His chuckle was deep and rumbling as he set down the medical tape. He leaned on the counter, his fingers wrapping tightly around the lip of the sink, and leaned so he was able to meet my eyes. There was still a respectful distance between our faces, but that didn’t change the fact that we were physically close enough to be considered intimate. Dom tilted his head back and forth as he looked me over and grunted. “Well, right now you’re looking nervous, a little...watchful. It was the sort of thing you did when someone had a good idea what was going on in your head, and you didn’t want them to.”

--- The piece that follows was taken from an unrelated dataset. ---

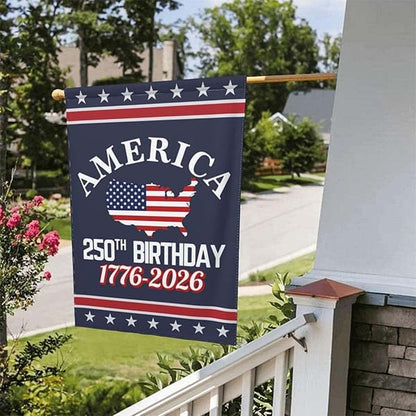 🔥2025 HOT SALE 🔥- U.S. 250th Birthday Garden Flag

“I think a lot of people make a face like that,” I said, leaning back from him. “That’s nothing special. And let’s be honest, there’s bound to be thoughts I wouldn’t want you to know about.”
“Are you trying to use the fact that you’re a crime lord to make me forget what I just noticed?” he asked, and the rotten bastard actually looked amused.
“Then what did you notice?” I asked, knowing I was probably about to call his bluff. “Because you don’t seem too keen on telling me.”
“Alright, I’ll tell you, as soon as you tell me something.”
“I’m not sure that’s how answering questions is supposed to work.”
“It can, if I want it to,” he said with a grin. “Now, my question is, during this whole time...how many times have you pictured me naked?”
I sighed. “Really? The first time you have a real conversation with me, and you go with sex?”
“Oh, I’m sorry, did you become prudish and shy?” he asked, raising a brow.
“No, but apparently you got a lot more comfortable making dirty,gayjokes.”
He shrugged. “I’m thirty-three, not seventeen, and wondering if it’s okay for me to like dick.”